Brief descriptive captions:

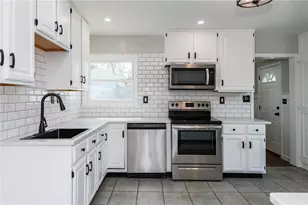 883 Omard Dr, Xenia, OH 45385 - Photo 8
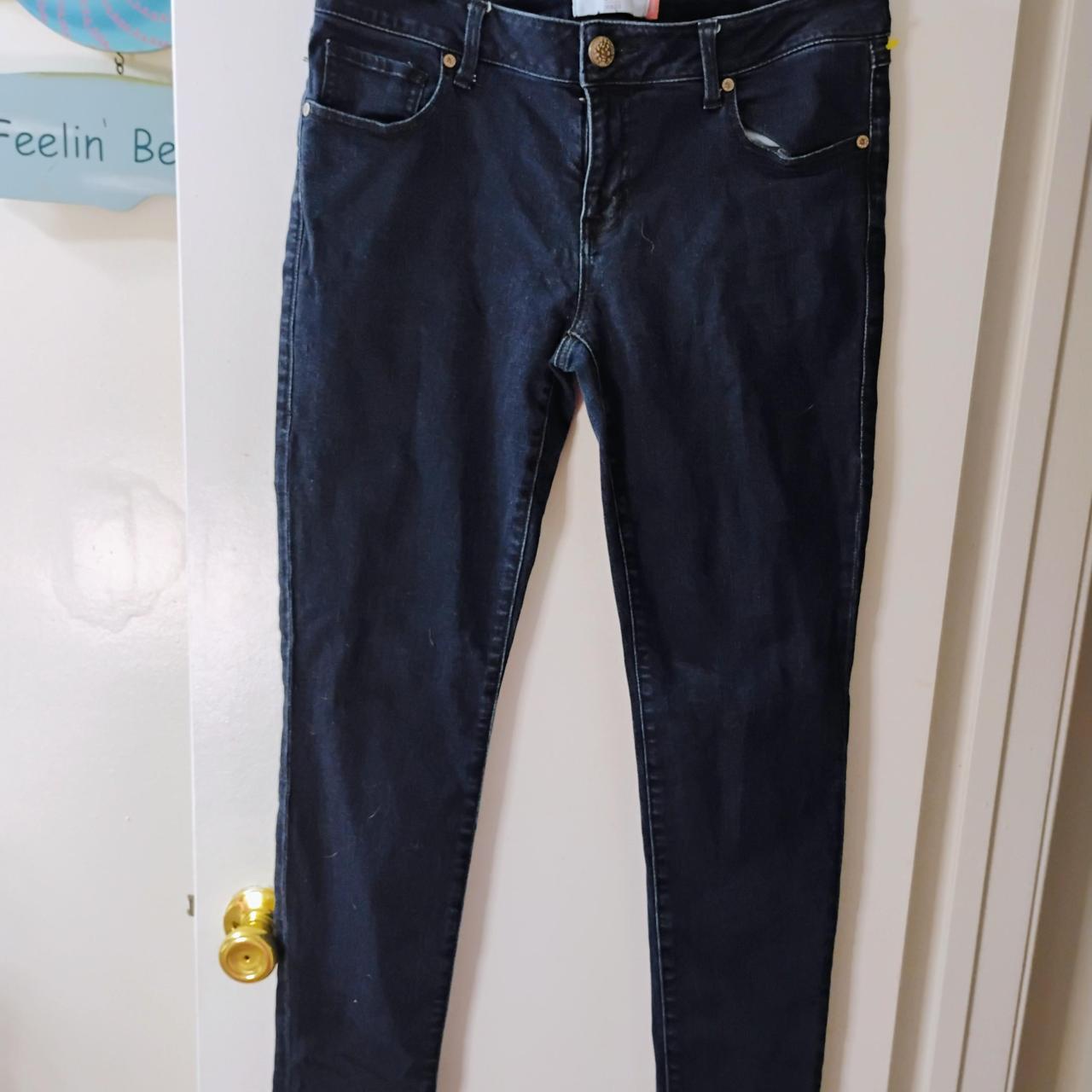 item listed by sunshinethriftingg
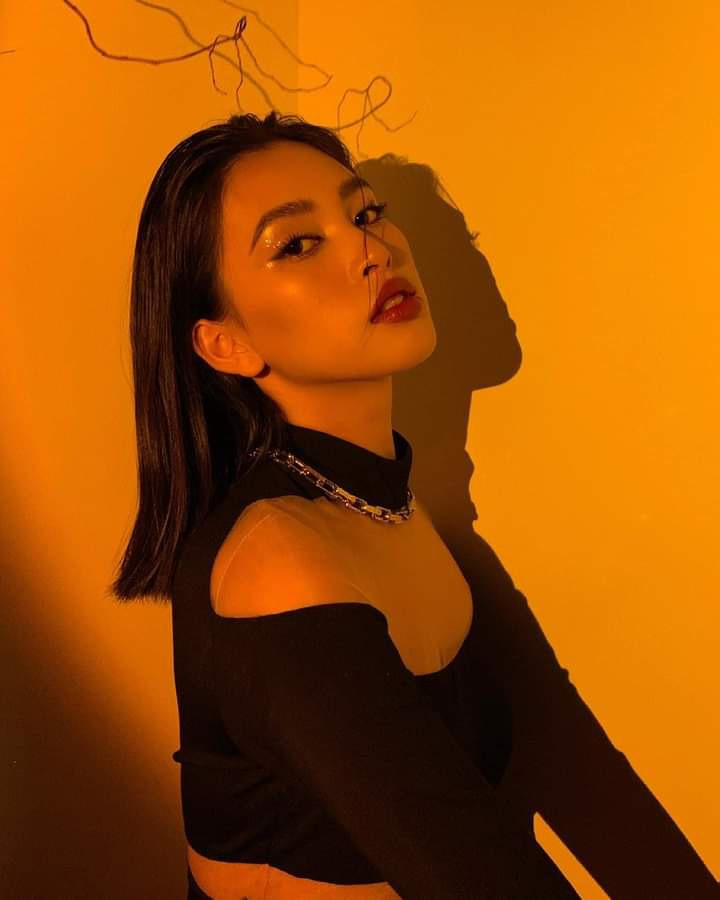 Người đẹp không ngại thay đổi để bản thân luôn mới mẻ trong mắt khán giả. Nàng hậu có thể cân được nhiều phong cách khác nhau, từ style dễ thương, ngọt ngào đến hình ảnh thần thái sang chảnh. ẢNH: CHỤP MÀN HÌNH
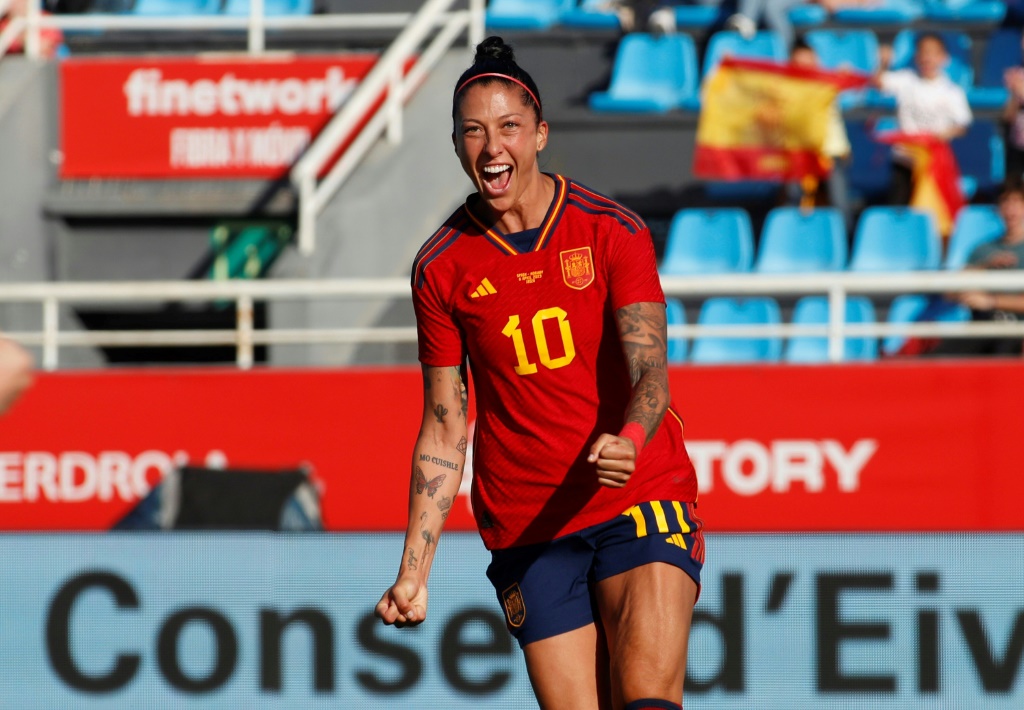 اللاعبة جيني هيرموسو تُسجّل هدفًا في مشاركتها الاولى مع منتخب إسبانيا للسيدات منذ كأس العالم للسيدات في كرة القدم (ا ف ب)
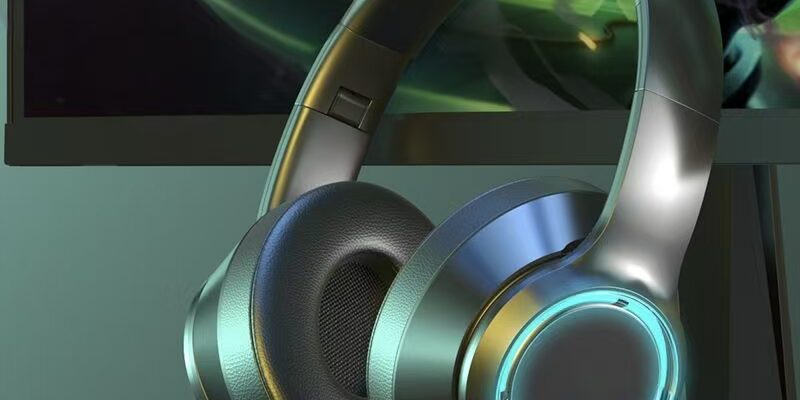 Ultra-long standby LED heavy bass Bluetooth wireless headphone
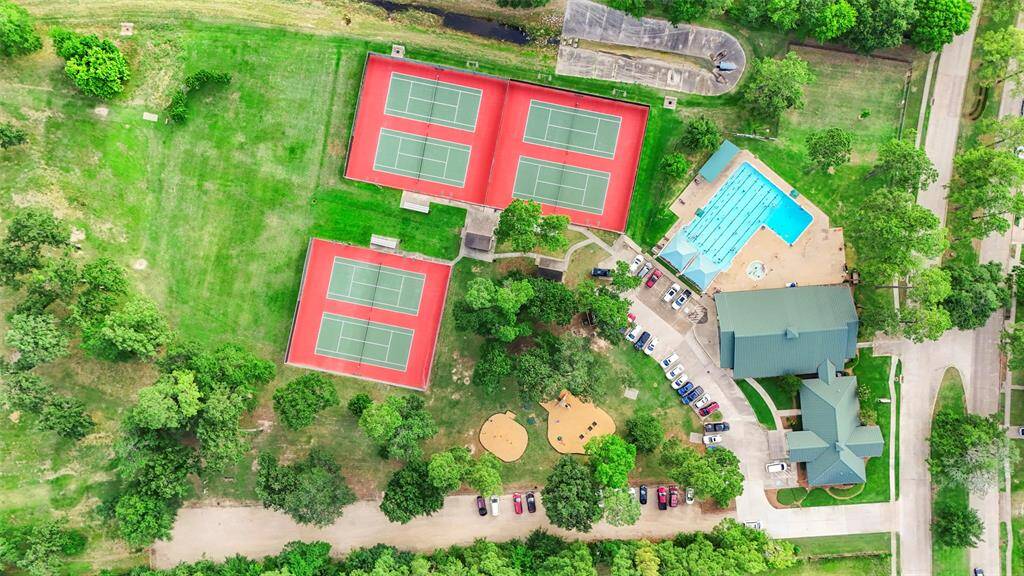 Area tennis & pools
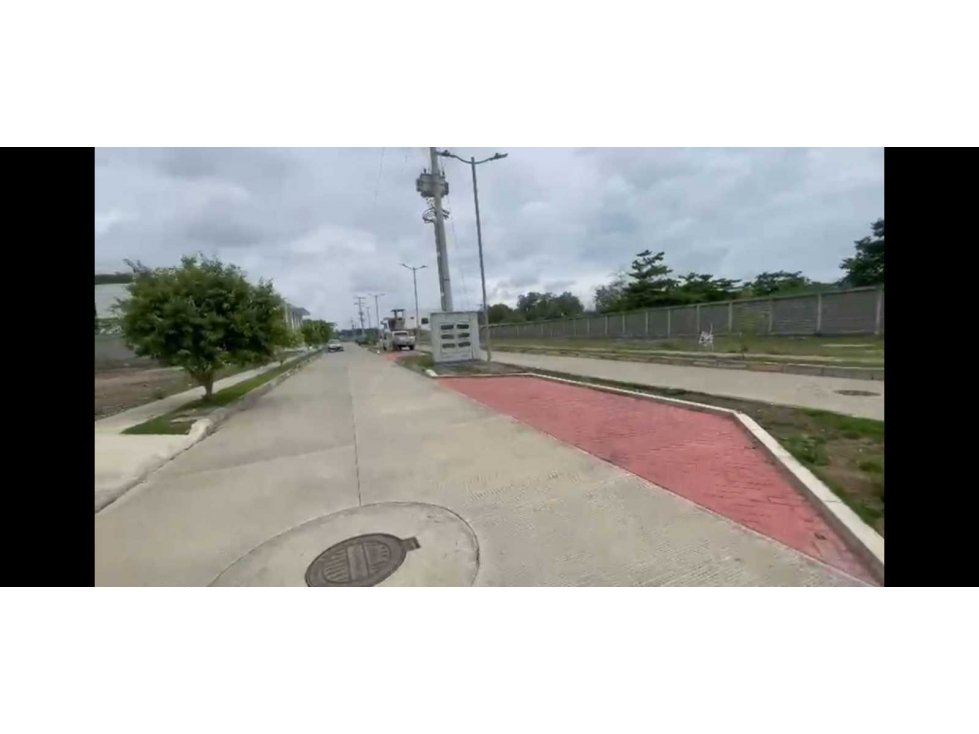 LOTE EN VENTA en conjunto cerrado Picacho de montería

▶ [What the task requires]:
What is needed is an exact copy of every entry, minus the images.

▶ [Written response]:
 883 Omard Dr, Xenia, OH 45385 - Photo 8
 item listed by sunshinethriftingg
 Người đẹp không ngại thay đổi để bản thân luôn mới mẻ trong mắt khán giả. Nàng hậu có thể cân được nhiều phong cách khác nhau, từ style dễ thương, ngọt ngào đến hình ảnh thần thái sang chảnh. ẢNH: CHỤP MÀN HÌNH
 اللاعبة جيني هيرموسو تُسجّل هدفًا في مشاركتها الاولى مع منتخب إسبانيا للسيدات منذ كأس العالم للسيدات في كرة القدم (ا ف ب)
 Ultra-long standby LED heavy bass Bluetooth wireless headphone
 Area tennis & pools
 LOTE EN VENTA en conjunto cerrado Picacho de montería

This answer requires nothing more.